Either way, the Christmas wrapping session is a holiday tradition. You put the kids to bed, maybe pour yourself a glass of wine and line up the tape, the scissors and the rolls of printed paper.

But where did this ritual come from?

“Have you read “Little Women?” my friend Nancy asks. “The opening chapter is about the girls deciding that they’re giving up their Christmas gifts to help a poor family, and then they decide to use their allowance money to each buy a present for their mother. Somebody gives her a handkerchief, somebody else gives her perfume, and they don’t really wrap them. They tie a rose onto it I think – or some kind of flower.”

Turns out, wrapping presents – especially in paper printed with holiday scenes – is a relatively new thing.

In the early 20th century, “there was plain paper. So there may have been solid white, solid red, green that a package could have been wrapped in,” says Sharman Roberts, the archivist and historian for Hallmark.

An accident of sorts changed things, she says. 

In 1917, J.C. and Rollie Hall – the guys who would go on to found Hallmark – had a stationary shop in downtown Kansas City. They sold out of the plain wrapping paper, so Rollie went back to the warehouse for more. Instead, he brought back sheets of fancy French paper.

“They were printed in bold colors, lots of patterns, very stylized, and we used them for envelope liners at that time,” Roberts says.

The papers flew off the shelves, and, boom: an industry was born.

By the 1920s Hallmark was printing its own wrapping paper. Today, the gift-wrap industry is worth more than $3 billion.

And for some people, the annual opportunity to wrap stacks of presents is no chore.

It is a privilege.

I made a gift-wrapping date with my friends Laura Weber Davis and Nancy Kaffer. Davis is a producer for Detroit Public Radio, and Kaffer is a columnist for the Detroit Free Press. They – we – are women who make our living writing and talking about Serious Things.

And gift wrapping is serious business.

“I come from a family of gift-wrappers,” Laura says. “My grandfather was a [World War II] engineer and carried his military precision on to wrapping.”

There are rules to wrapping.

No. 1: No gift bags.

“Everyone who’s really obsessed with wrapping presents knows gift bags are a shoddy substitute. They’re the poor man’s gift-wrap package,” Nancy says.

Another rule: No shiny tape.

“I’m also weird about not using more paper than I need to,” Laura says as she demonstrates her measuring and cutting skills, honed during three years she spent working the gift-wrap counter at a department store. Nancy and I are a little jealous.
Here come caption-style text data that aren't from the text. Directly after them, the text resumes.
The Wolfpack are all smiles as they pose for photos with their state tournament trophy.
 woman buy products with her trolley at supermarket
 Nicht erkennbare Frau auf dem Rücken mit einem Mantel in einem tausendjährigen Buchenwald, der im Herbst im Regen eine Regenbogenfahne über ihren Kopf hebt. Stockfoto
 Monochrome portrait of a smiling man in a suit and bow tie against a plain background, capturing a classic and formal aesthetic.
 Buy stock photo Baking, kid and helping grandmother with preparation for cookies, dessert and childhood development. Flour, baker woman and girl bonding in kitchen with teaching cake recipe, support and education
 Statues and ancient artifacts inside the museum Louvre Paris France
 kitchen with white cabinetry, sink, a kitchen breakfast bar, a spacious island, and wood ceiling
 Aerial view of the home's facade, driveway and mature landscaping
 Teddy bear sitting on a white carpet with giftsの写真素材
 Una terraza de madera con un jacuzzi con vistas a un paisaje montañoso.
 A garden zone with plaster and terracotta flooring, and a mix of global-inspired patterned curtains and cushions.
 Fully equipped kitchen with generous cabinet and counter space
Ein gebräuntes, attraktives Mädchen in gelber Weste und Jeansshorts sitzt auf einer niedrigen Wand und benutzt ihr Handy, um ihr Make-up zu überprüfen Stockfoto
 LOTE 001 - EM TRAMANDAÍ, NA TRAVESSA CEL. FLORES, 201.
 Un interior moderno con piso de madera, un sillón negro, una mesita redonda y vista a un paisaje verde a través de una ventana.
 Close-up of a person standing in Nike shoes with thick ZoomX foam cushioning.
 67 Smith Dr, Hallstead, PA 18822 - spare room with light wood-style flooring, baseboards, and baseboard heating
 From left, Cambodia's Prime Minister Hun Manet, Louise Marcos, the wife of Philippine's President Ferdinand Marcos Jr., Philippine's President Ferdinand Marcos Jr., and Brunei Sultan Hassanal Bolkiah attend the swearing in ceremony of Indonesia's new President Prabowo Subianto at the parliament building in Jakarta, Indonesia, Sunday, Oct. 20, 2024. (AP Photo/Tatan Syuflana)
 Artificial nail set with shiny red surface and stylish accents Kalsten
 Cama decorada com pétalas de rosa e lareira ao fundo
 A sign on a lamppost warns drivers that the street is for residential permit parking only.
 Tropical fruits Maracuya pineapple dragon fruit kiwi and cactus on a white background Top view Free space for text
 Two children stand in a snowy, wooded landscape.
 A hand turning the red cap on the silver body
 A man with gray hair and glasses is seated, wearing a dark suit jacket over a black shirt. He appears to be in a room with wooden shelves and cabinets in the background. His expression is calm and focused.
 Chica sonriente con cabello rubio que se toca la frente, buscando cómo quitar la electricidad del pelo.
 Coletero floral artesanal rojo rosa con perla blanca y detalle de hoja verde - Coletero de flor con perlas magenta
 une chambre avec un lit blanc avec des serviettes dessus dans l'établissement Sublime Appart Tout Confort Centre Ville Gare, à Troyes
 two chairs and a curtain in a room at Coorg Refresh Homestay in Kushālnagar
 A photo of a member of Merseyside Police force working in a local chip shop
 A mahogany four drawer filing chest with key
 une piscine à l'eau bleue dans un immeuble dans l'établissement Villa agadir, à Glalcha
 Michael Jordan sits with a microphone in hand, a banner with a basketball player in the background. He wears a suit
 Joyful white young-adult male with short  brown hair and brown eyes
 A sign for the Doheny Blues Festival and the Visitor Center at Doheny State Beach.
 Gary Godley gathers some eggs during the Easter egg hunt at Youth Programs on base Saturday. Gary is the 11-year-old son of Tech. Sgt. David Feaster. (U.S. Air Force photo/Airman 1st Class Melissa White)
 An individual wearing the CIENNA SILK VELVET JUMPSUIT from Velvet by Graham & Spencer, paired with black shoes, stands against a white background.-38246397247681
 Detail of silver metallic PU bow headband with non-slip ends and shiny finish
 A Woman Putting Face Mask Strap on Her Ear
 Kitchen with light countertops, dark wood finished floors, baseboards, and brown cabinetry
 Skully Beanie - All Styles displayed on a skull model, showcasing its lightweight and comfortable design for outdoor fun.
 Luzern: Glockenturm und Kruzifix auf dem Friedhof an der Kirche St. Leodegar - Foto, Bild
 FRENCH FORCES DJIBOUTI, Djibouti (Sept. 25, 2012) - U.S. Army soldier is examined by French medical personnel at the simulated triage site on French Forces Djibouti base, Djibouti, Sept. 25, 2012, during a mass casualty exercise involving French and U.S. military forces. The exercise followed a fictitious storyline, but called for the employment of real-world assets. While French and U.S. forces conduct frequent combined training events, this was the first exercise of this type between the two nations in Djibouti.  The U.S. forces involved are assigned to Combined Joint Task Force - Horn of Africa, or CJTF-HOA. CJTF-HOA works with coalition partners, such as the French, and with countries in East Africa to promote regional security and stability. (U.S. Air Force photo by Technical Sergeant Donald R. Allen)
Nancy tries her hand at a rather elaborate trick, using an X-acto knife to slice a star out of a piece of paper that will go over a contrasting paper, concealing a box of Lego Friends.

We talk about the right balance of papers under the tree, the beauty of a perfectly offset bow, and the fact that the care we put into these packages is worth the time an effort, even when our handiwork is ripped to shreds by some kid.

It’s a little bit like the Tao,” says Nancy. ”It’s the way and the goal.”